Goal of the exercise
Only the lines from the one holding "Screenshot 43 de" through the end of the records below are to be reproduced exactly, and pictures are to be omitted.

Materials provided
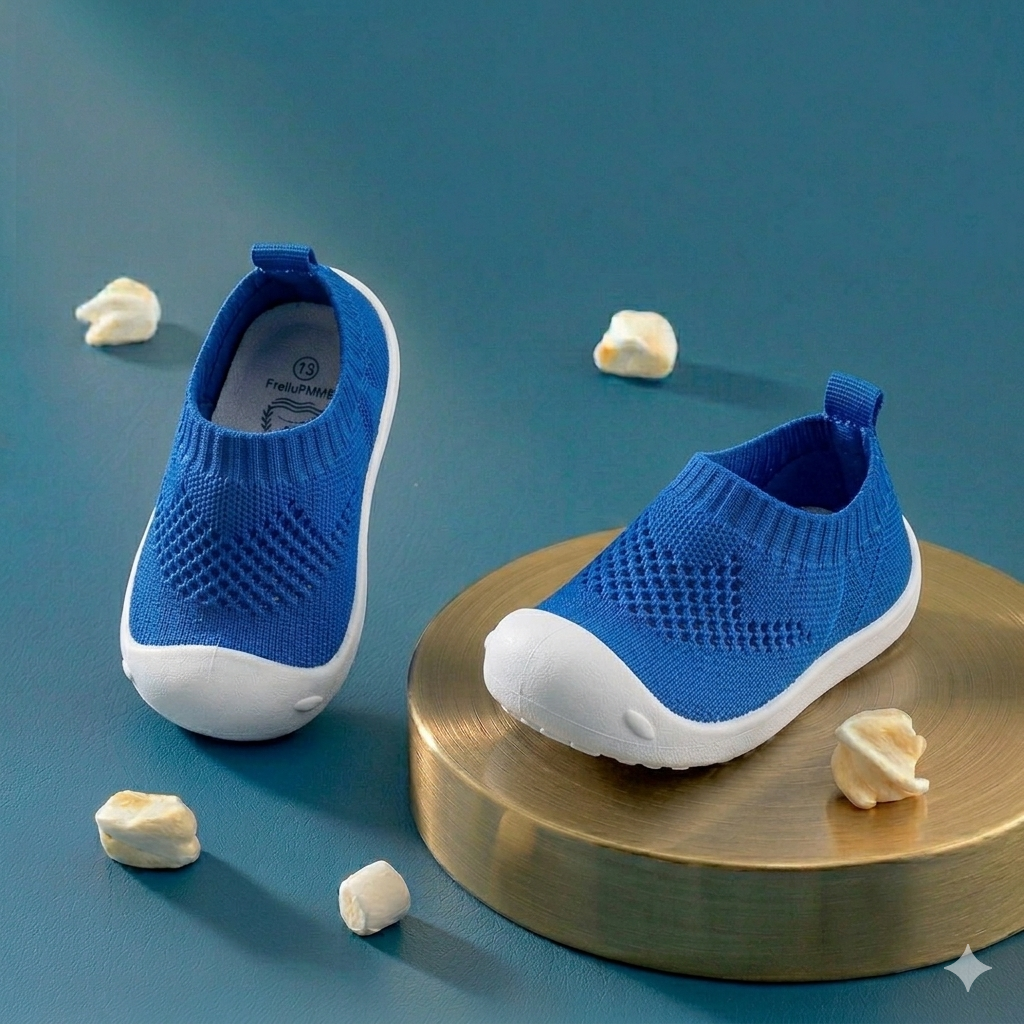 ZAPATOS NUBES FLEXIBLE👟☁️✨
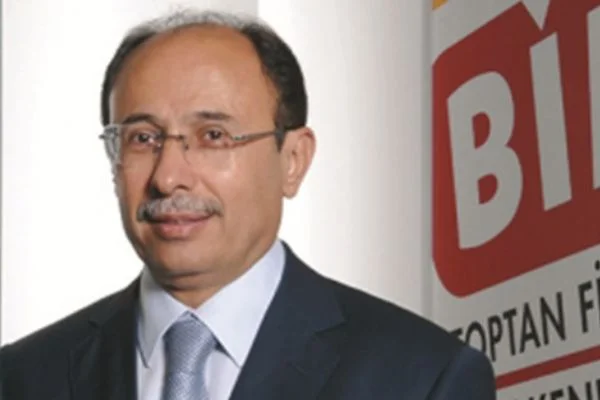 Galip Aykaç, TOBB Perakende Sektör Meclisi Başkan Yardımcısı görevini üstlendi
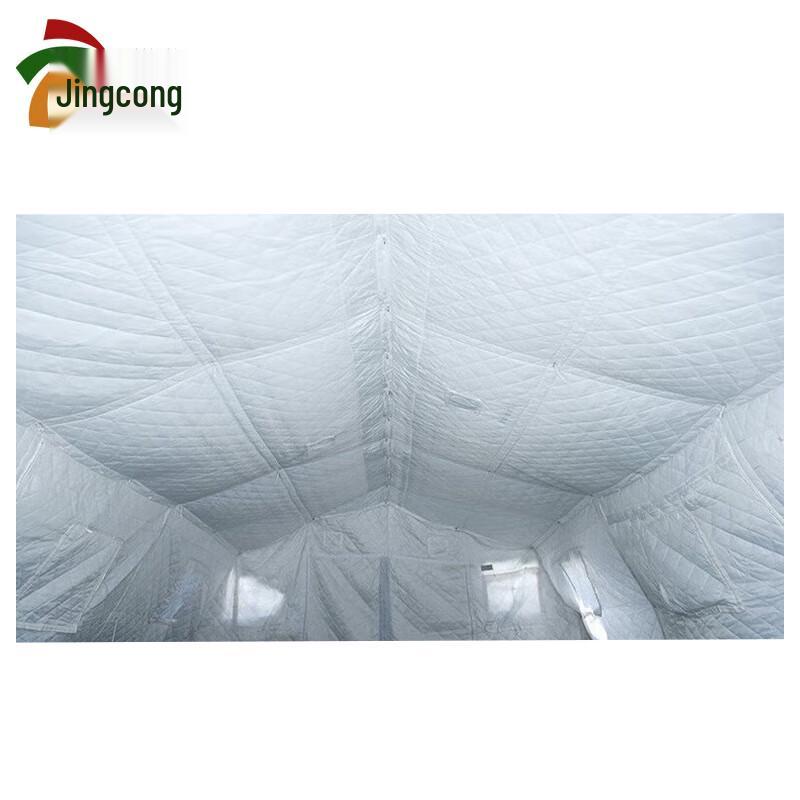 30 sqm Frame Tent Accessories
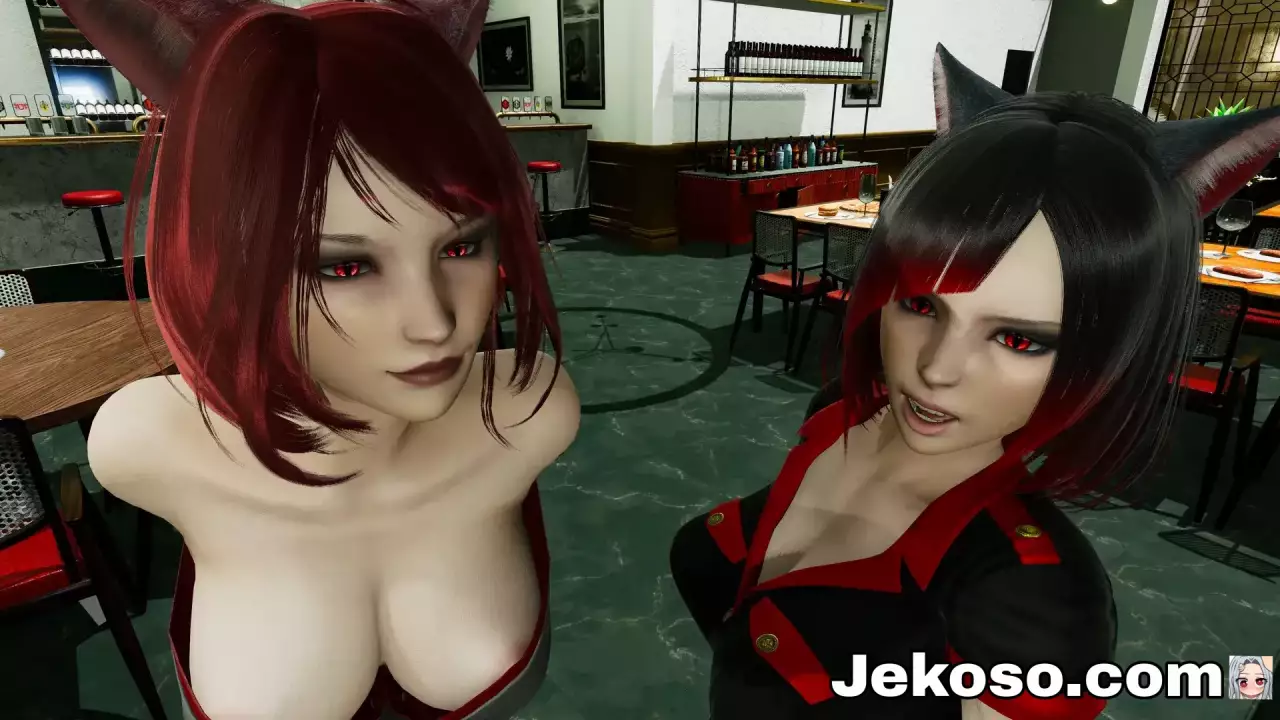 Screenshot 43 de Last Human [v7.0] Español Android/Windows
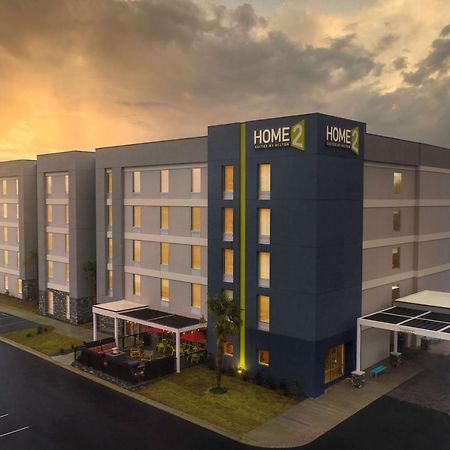 Home2 Suites By Hilton Jackson/Pearl, Ms Dış mekan fotoğraf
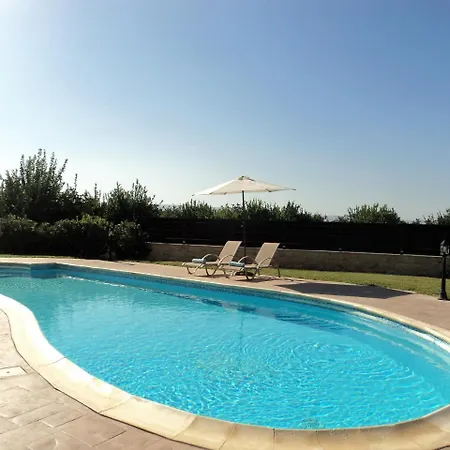 Villa Citrus Grove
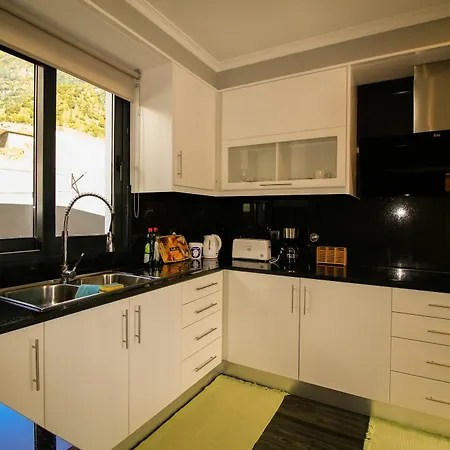 Bela Vista By Analodges Apartment São Vicente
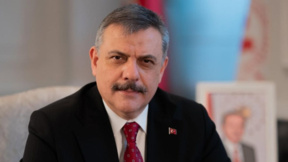 El ministro del Interior de Turquía visita Bulgaria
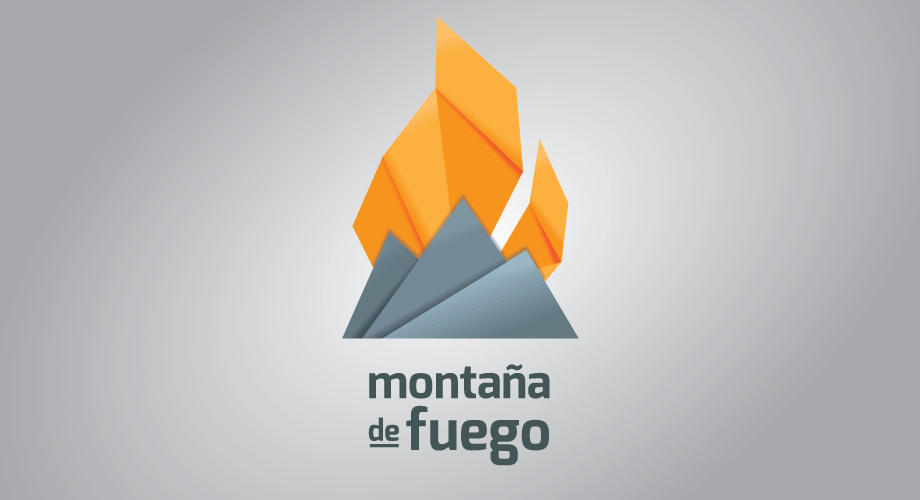 Fire Mountain Logo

Completed exercise
 Screenshot 43 de Last Human [v7.0] Español Android/Windows
 Home2 Suites By Hilton Jackson/Pearl, Ms Dış mekan fotoğraf
 Villa Citrus Grove
 Bela Vista By Analodges Apartment São Vicente
 El ministro del Interior de Turquía visita Bulgaria
 Fire Mountain Logo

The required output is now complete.